Work item =
Your copy should match the listing word for word, apart from the pictures, which are left out.

The data =
──────────
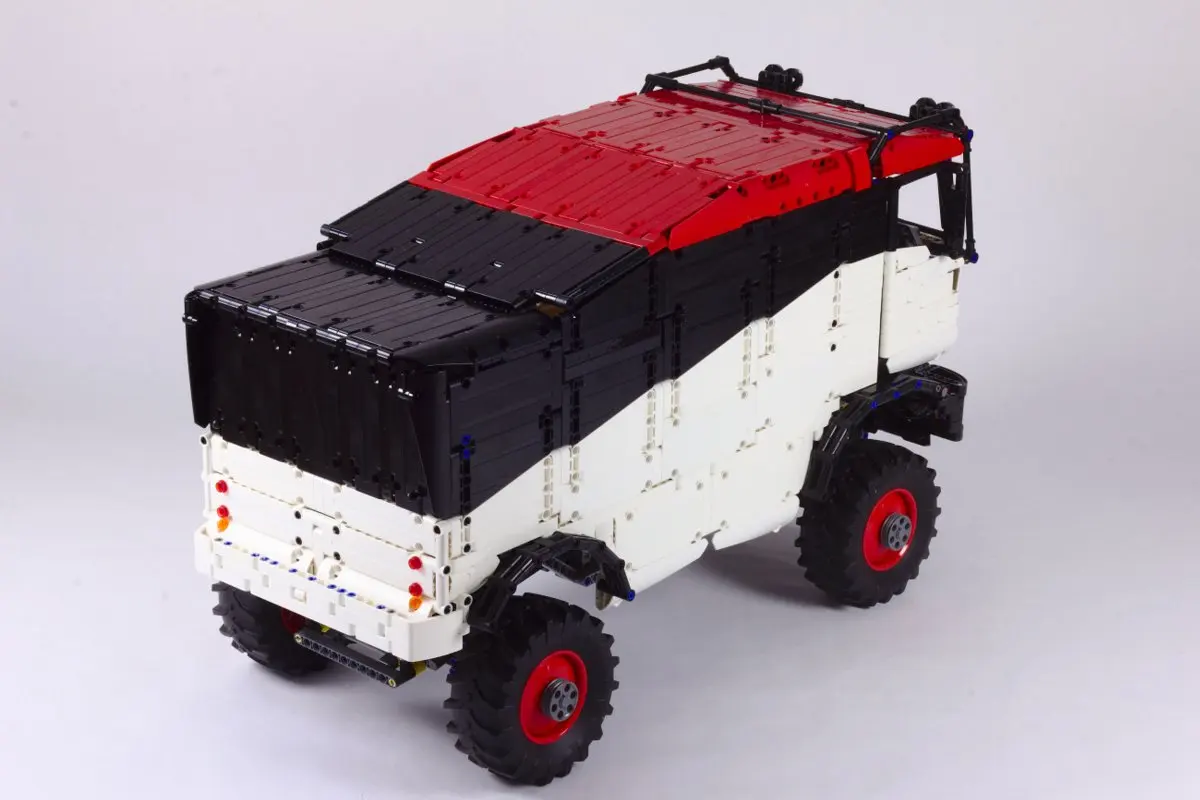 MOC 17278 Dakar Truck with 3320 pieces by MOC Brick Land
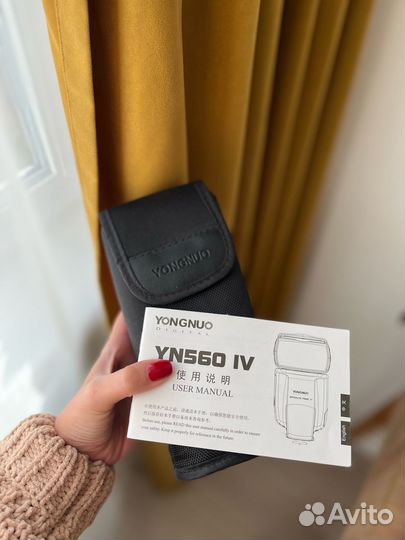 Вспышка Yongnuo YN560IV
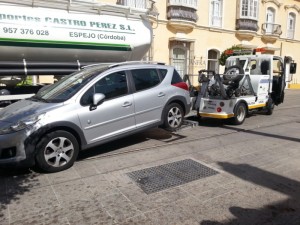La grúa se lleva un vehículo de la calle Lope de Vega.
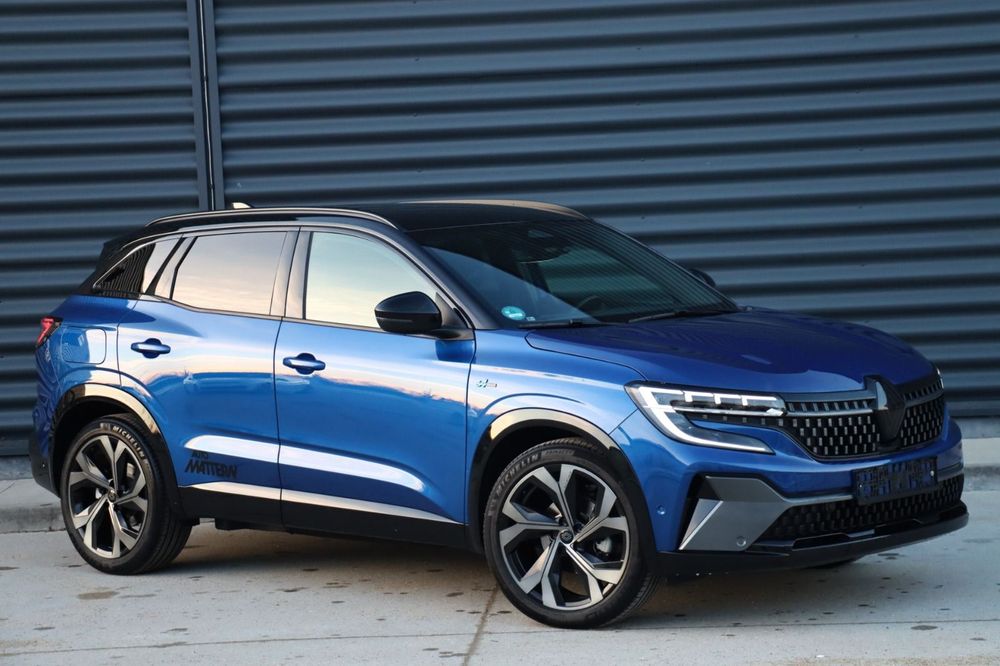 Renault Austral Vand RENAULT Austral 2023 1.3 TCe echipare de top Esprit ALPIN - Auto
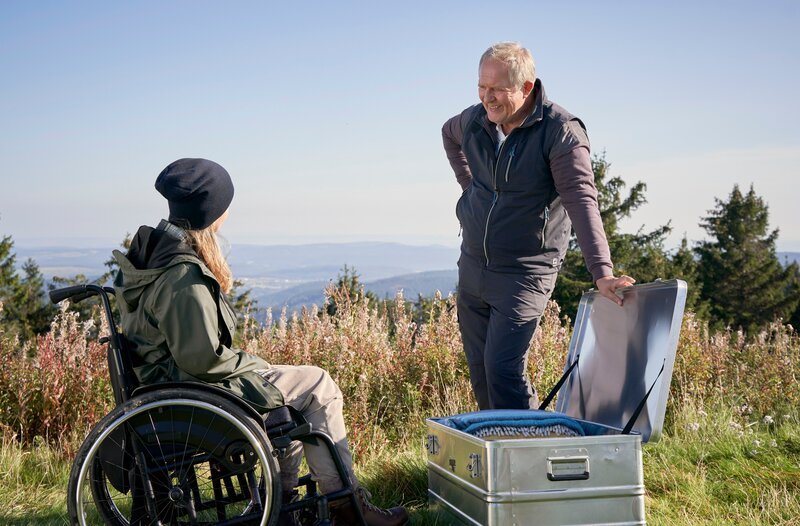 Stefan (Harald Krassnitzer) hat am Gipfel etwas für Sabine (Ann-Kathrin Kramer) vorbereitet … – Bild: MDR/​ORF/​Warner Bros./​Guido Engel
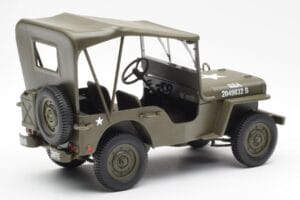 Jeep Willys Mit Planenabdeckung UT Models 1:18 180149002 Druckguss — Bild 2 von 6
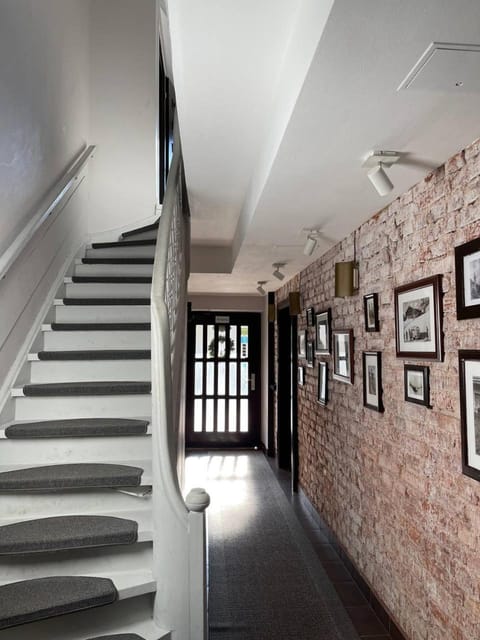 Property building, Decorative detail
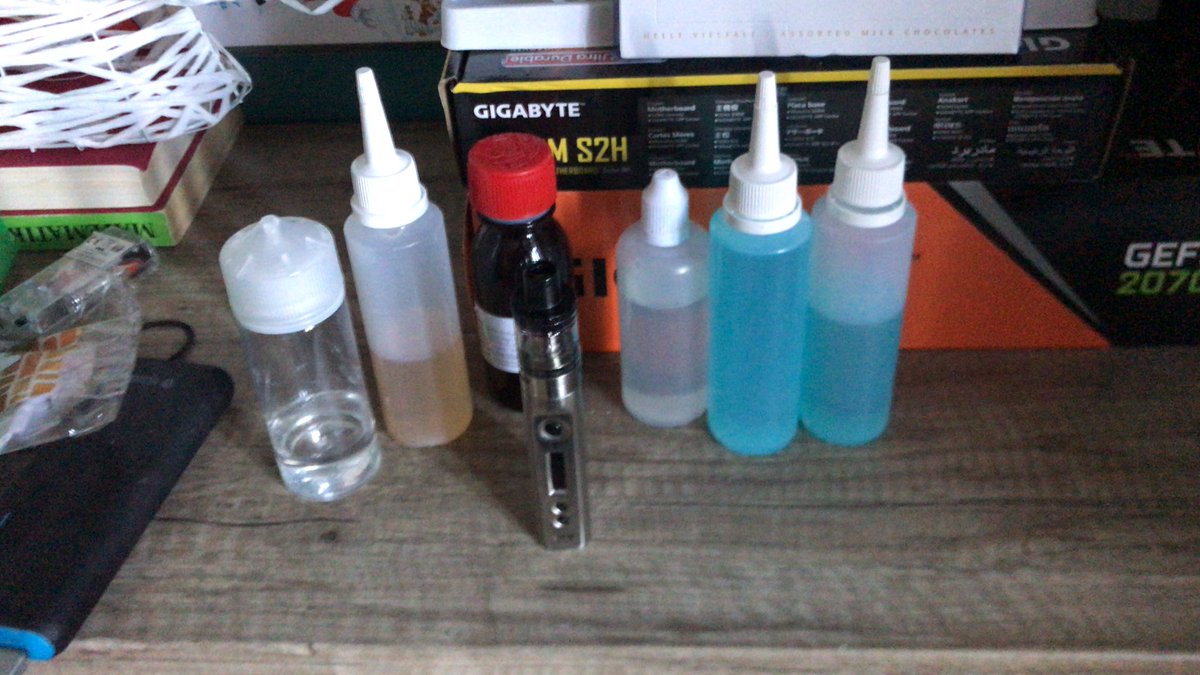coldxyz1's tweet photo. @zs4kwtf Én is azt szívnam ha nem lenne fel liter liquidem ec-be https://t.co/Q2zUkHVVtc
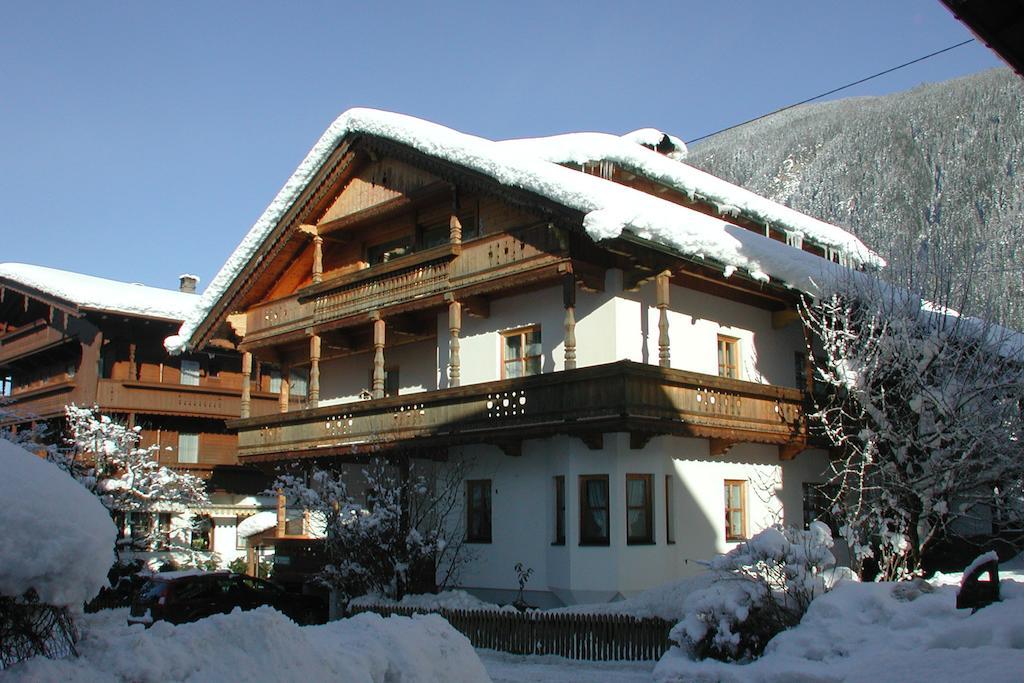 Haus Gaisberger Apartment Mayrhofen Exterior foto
──────────
Expected answer =
 MOC 17278 Dakar Truck with 3320 pieces by MOC Brick Land
 Вспышка Yongnuo YN560IV
La grúa se lleva un vehículo de la calle Lope de Vega.
 Renault Austral Vand RENAULT Austral 2023 1.3 TCe echipare de top Esprit ALPIN - Auto
 Stefan (Harald Krassnitzer) hat am Gipfel etwas für Sabine (Ann-Kathrin Kramer) vorbereitet … – Bild: MDR/​ORF/​Warner Bros./​Guido Engel
 Jeep Willys Mit Planenabdeckung UT Models 1:18 180149002 Druckguss — Bild 2 von 6
 Property building, Decorative detail
coldxyz1's tweet photo. @zs4kwtf Én is azt szívnam ha nem lenne fel liter liquidem ec-be https://t.co/Q2zUkHVVtc
 Haus Gaisberger Apartment Mayrhofen Exterior foto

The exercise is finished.